# R.i.p. Jj cale



## pickn'fish (Jun 1, 2004)

Just got the sad news he died last night. A fine songwriter and great guitar and session man. Wrote the classic, Call Me The Breeze and buncha songs slowhand Clapton recorded including, After Midnight, Crazy Mama, Cocaine... He had put out new& good stuff in recent years... RIP JJ. meanwhile, "I keep on blowing down the road"...


----------



## pickn'fish (Jun 1, 2004)

Forgot to mention, his '73 album, "Naturally" is superb classic...


----------



## pickn'fish (Jun 1, 2004)

Correction, "Naturally" came out in '72. Not a bad song on it. WTH, no JJ CALE fans among 2 coolers?!?


----------



## surfspeck (Jun 7, 2006)

*Hope your. Traveling Light*

RIP


----------



## realwrangler (Jan 21, 2011)

Rip. had not heard he passed, naturally is pretty high up there on my favorite album list.
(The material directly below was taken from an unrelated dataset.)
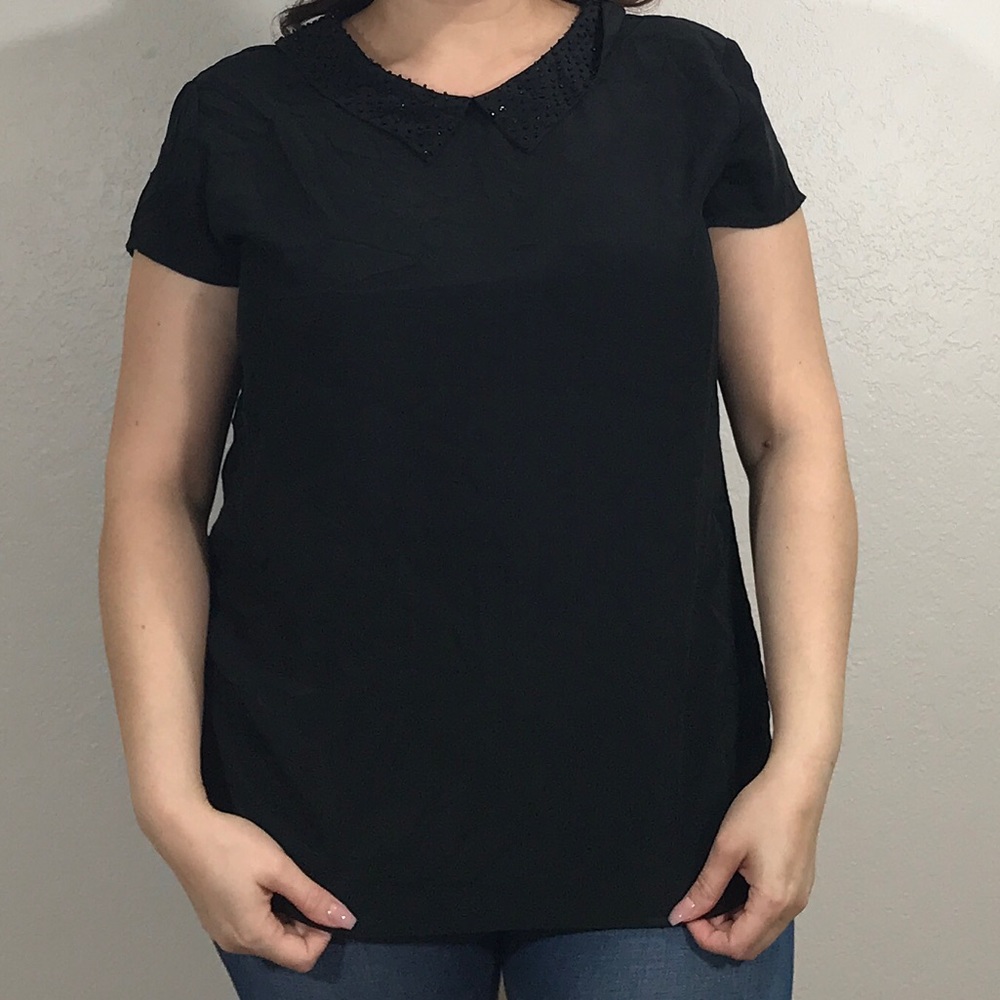 New York & Company Black Sparkle Collar Top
He was a cool cat that left his mark for sure


----------



## corkynhouston (May 31, 2013)

*RIP JJ Cale*

Definitely an influence on a lot of people and will be missed.


----------



## Duke (Dec 27, 2007)

pickn'fish said:


> Correction, "Naturally" came out in '72. Not a bad song on it. WTH, no JJ CALE fans among 2 coolers?!?


I am a big fan and posted this Saturday 5 AM on the TTMB Forum. We posted a lot of his music on weekend music thread as well. Awesome songwriter and entertainer as well. He will be missed. sad_smiles


----------



## pickn'fish (Jun 1, 2004)

Great article on another website called JJ "master of minimalism". Great description he w as very understated and tasteful. I was somewhat surprised J. Beck called him a major influence and of course Clapton said the same thing. Also, M.Knopfler cited Cale as a mentor. A funny story was when he was asked if he wanted to open for Phish, Cale replied Country Joe and the Fish? Lol. Haven't been on this forum since my post on Cale. When weather cools we should have a 2cool jam session if any are interested. Pick a spot outdoors for acoutics maybe?...


----------